# What you are asked to do
Your copy should hold only the lines from the one with "Woman touching her" to the one with "SAITAMA, JAPAN - SEPTEMBER", both included, each exactly as it stands below, with no pictures.

*** Records supplied ***

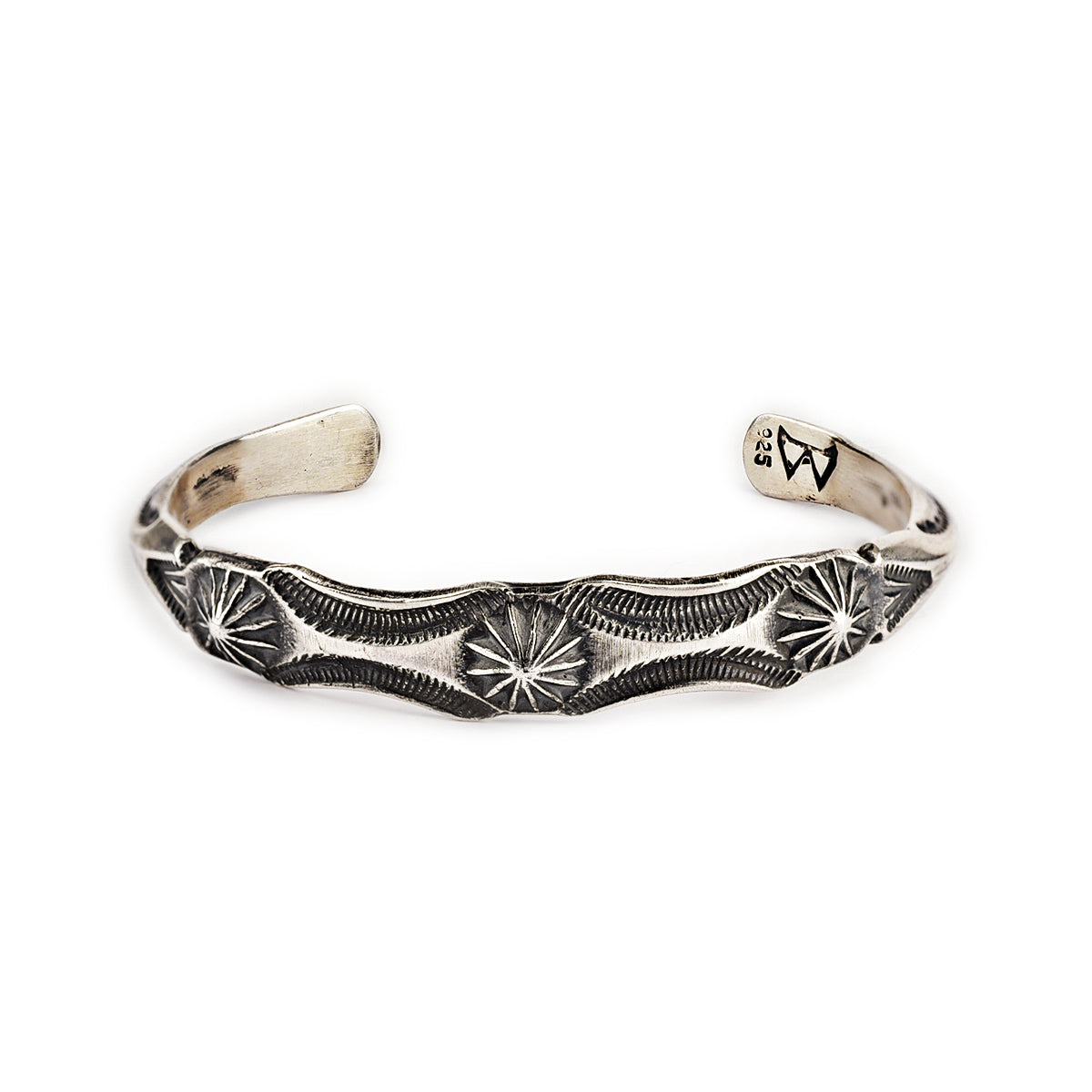 A sterling silver cuff bracelet from artisan Buffalo with intricate stamped geometric patterns and a branded clasp. Made in USA.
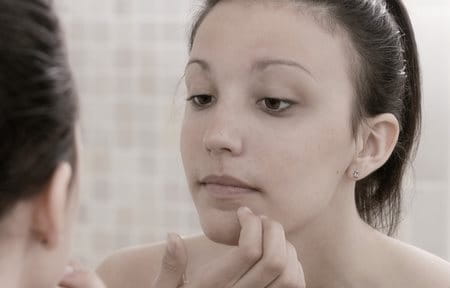 Woman touching her chin looking into a mirror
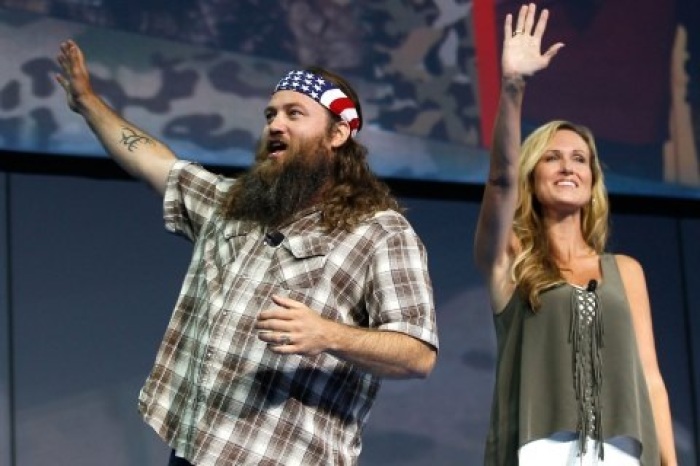 Willie and Korie Robertson of the reality-television show Duck Dynasty speak at the Walmart associates meeting in Fayetteville, Ark., on June 5, 2013.
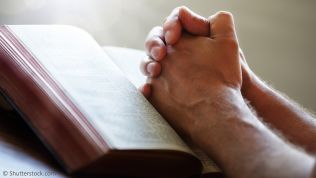 Gefaltete Hände auf einem Gebetbuch
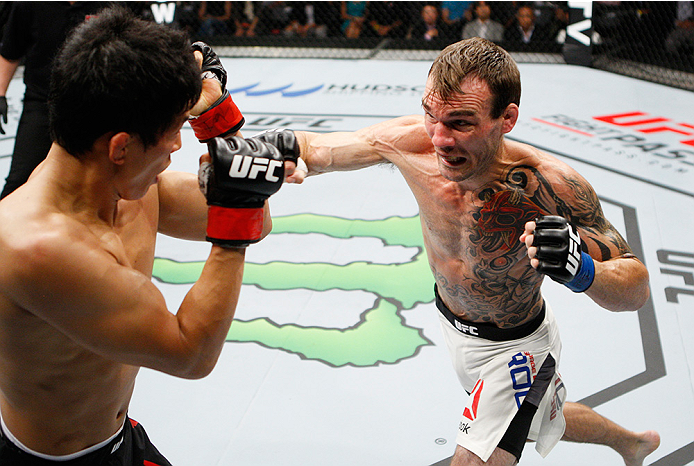SAITAMA, JAPAN - SEPTEMBER 27: George Roop of the United States of America throws a punch at Takeya Mizugaki of Japan in their bantamweight bout during the UFC event at the Saitama Super Arena on September 27, 2015 in Saitama, Japan. (Photo by Mitch Vique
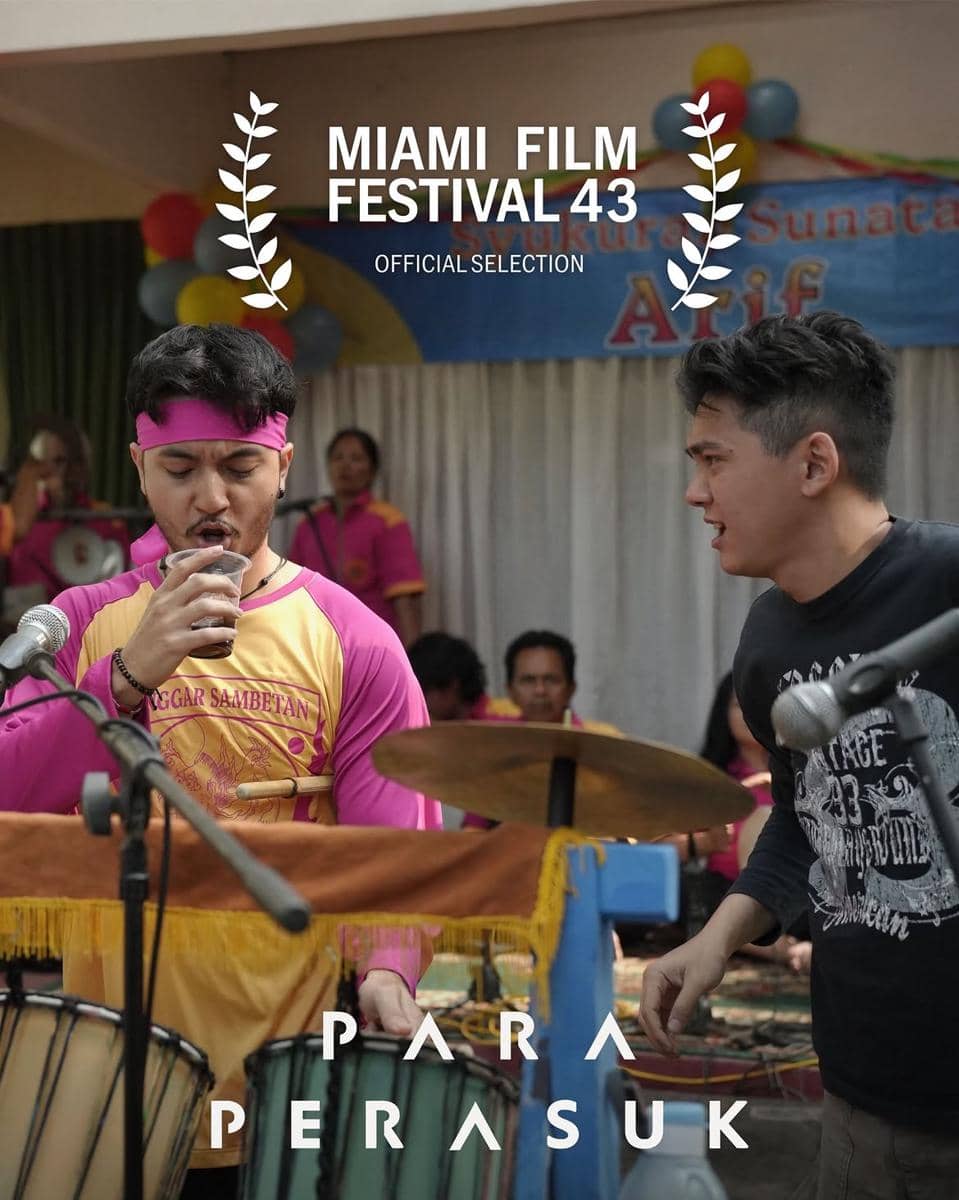 Dua pria sedang tampil di atas panggung dengan alat musik perkusi, mengenakan pakaian kasual dan seragam berwarna cerah dalam suasana festival.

***

# Problem solution
 Woman touching her chin looking into a mirror
 Willie and Korie Robertson of the reality-television show Duck Dynasty speak at the Walmart associates meeting in Fayetteville, Ark., on June 5, 2013.
 Gefaltete Hände auf einem Gebetbuch
SAITAMA, JAPAN - SEPTEMBER 27: George Roop of the United States of America throws a punch at Takeya Mizugaki of Japan in their bantamweight bout during the UFC event at the Saitama Super Arena on September 27, 2015 in Saitama, Japan. (Photo by Mitch Vique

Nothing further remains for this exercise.